HBase: Delete By Anything

HBase Cookies


“Big data” is this great old buzz that no longer surprises anyone. Even politicians used it way back in 2012 to win the elections.

But the field became so large and fragmented that simple CRUD operations, that we used to just take for granted before, now require the whole new approach depending on which data store we have to deal with.

This short tale is about a tiny little feature in the universe of HBase. Namely a “delete by” feature.
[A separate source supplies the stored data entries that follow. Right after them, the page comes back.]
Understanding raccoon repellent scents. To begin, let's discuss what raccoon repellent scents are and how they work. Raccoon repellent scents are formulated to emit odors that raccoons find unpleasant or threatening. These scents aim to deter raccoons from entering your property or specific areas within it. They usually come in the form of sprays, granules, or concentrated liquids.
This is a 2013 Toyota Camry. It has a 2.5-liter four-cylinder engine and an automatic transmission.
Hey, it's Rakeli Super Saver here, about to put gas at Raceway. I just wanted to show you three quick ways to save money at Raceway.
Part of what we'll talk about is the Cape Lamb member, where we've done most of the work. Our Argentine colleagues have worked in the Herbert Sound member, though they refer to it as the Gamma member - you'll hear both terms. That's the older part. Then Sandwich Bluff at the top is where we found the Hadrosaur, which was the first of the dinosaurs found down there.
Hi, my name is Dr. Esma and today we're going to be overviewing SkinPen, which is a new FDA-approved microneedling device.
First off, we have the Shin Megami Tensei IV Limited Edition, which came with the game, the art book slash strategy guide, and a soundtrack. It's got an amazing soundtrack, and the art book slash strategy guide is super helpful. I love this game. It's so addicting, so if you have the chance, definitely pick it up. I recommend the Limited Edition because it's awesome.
Which is quite simple in Datomic or SQL databases, but it is not that trivial in HBase due to the way its cookie crumbles.
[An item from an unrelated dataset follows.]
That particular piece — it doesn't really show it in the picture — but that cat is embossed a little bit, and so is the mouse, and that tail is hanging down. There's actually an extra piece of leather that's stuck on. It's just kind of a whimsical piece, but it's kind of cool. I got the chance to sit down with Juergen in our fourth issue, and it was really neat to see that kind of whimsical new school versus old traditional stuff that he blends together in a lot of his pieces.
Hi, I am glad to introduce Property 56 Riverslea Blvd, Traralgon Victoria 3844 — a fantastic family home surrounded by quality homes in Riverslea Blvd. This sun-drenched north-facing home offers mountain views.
Delete it like you mean it!


There is often a case where rows need to be deleted by a filter, that is similar to the one used in scan (i.e. by row key prefix, time range, etc.) HBase does not really help there besides providing a BulkDeleteEndpoint coprocessor.

This is not ideal as it delegates work to HBase “stored procedures” (effectively this is what coprocessors are). It really pays off during massive data manipulation, since it does happen directly on the server, but in simpler cases, which are many, coprocessors are less than ideal.

cbass achieves “deleting by anything” by a trivial flow: “scan + multi delete” packed in a “delete-by” function which preserves the “scan“‘s syntax:

user=> (scan conn "galaxy:planet")
{"earth"
 {:age "4.543 billion years",
  :inhabited? true,
  :population 7125000000},
 "neptune" {:age "4.503 billion years", :inhabited? :unknown},
 "pluto" {},
 "saturday" {:age "24 hours", :inhabited? :sometimes},
 "saturn" {:age "4.503 billion years", :inhabited? :unknown}}
user=> (delete-by conn "galaxy:planet" :from "sat" :to "saz")
;; deleting [saturday saturn], since they both match the 'from/to' criteria

look ma, no saturn, no saturday:

user=> (scan conn "galaxy:planet")
{"earth"
 {:age "4.543 billion years",
  :inhabited? true,
  :population 7125000000},
 "neptune" {:age "4.503 billion years", :inhabited? :unknown},
 "pluto" {}}

and of course any other criteria that is available in “scan” is available in “delete-by”.

Delete Row Key Function


Most of the time HBase keys are prefixed (salted with a prefix). This is done to avoid “RegionServer hotspotting“.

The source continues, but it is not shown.